Nokia Corp (ADR) (NYSE:NOK) investors are having rough days after the networking equipment company reported mixed results for the September quarter, and mostly weaker guidance. NOK stock has fallen nearly 12% since the earnings news broke.
In reaction, BMO analyst Tim Long lowered his price target to $6.00 (from $7.00), while reiterating an Outperform rating on NOK. The reduced target still represents a potential upside of 32% from where the stock is currently trading.
Long commented, “As we previewed in our Global Infrastructure Model update and as management reaffirmed, the global operator capex environment outlook has worsened for 2016, limiting revenue opportunities for Nokia’s Networks business. Nevertheless, we continue to like the €1.2 billion savings program and believe management may be able to find additional opportunities over time. Our 2016/2017 EPS estimates go to €0.16/€0.21 from €0.18/€0.29.”

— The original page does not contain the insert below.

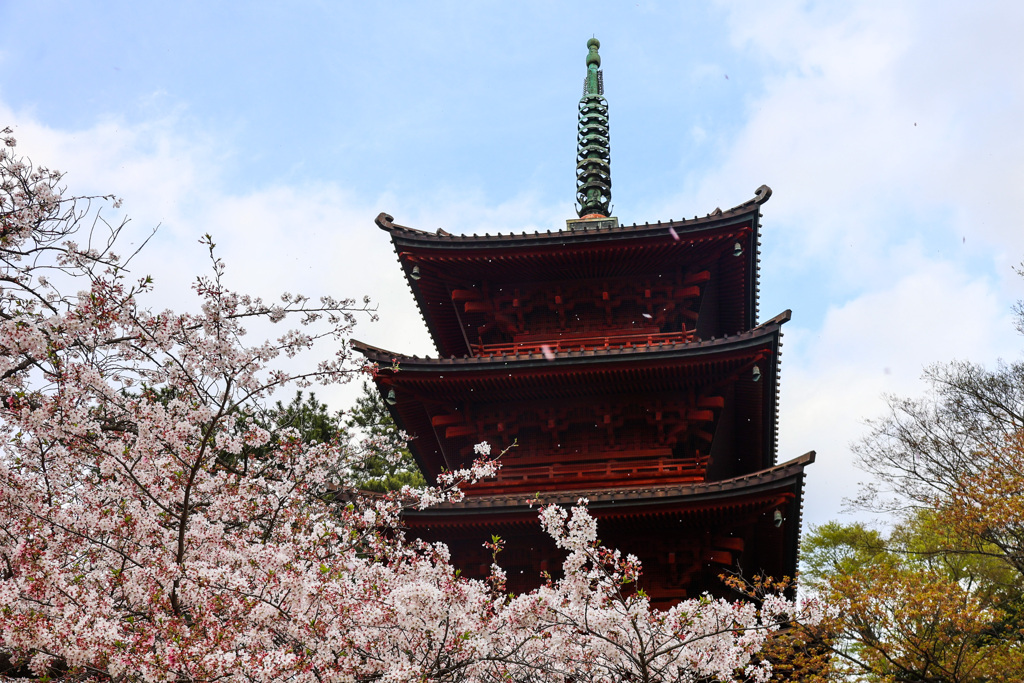 桜吹雪の五重の塔　＠法華経寺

As usual, we like to include the analyst’s trackrecord when reporting on new analyst notes. According to TipRanks, which measures analysts’ and bloggers’ success rate based on how their calls perform, analyst Tim Long has a yearly average return of 4.4% and a 52% success rate. Long has a 28.4% average loss when recommending NOK, and is ranked #679 out of 4188 analysts.
Out of the 19 analysts polled by TipRanks, 13 rate Nokia Corp stock a Buy, 5 rate the stock a Hold and 1 recommends a Sell. With a return potential of 46%, the stock’s consensus target price stands at $6.66.